Prosciutto Veneto Dolce
Pressana, Roveredo di Guà e Cologna Veneta rientrano nei comuni di produzione del Prosciutto Veneto Dolce tutelato da Consorzio del Prosciutto Veneto Berico-Euganeo. Questo prodotto, divenuto doc nel 1980, è distinto dal marchio leonino della Repubblica Serenissima di Venezia. Il prosciutto è caratterizzato da un’inconfondibile dolcezza, dalla morbidezza, dal colore roseo e dal delicato sapore accompagnato da un profumo di noci. Un prodotto unico che viene lavorato ancora secondo i dettami e le attenzioni dell'artigianato, ricavato dalla coscia fresca posteriore dei suini adulti di razza pregiata, alimentati nell'ultimo periodo con sostanze ad alto contenuto proteico.
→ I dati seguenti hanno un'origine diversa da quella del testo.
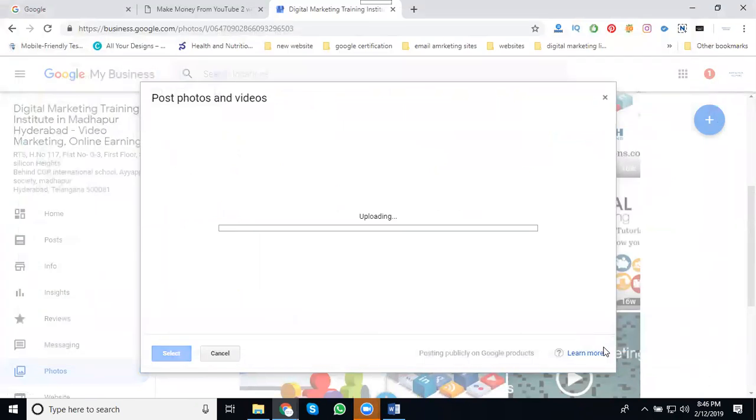I'm not writing any kind of title or description, simply posting my videos. They will be coming to your Google mapping in the photos and videos option.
Le cosce, che non devono essere congelate e devono essere sottoposte alla salagione a non oltre 48 ore dall’avvenuta macellazione, vanno rifilate dal grasso e dall’eccesso di cotenna e devono essere appese per la lavorazione e stagionatura in modo da evitare la strozzatura del gambo. Il prosciutto deve essere stagionato per un periodo non inferiore a dieci mesi dalla salatura. Un Istituto di Certificazione indipendente dal Consorzio controlla ogni passaggio di tutta la filiera: dalla data di nascita e zona di provenienza del nord Italia dei suini di razza pregiata, alle caratteristiche di allevamento ed alimentazione degli stessi, dalle fasi di macellazione al trasporto, alla lavorazione delle cosce fino alla stagionatura ultimata.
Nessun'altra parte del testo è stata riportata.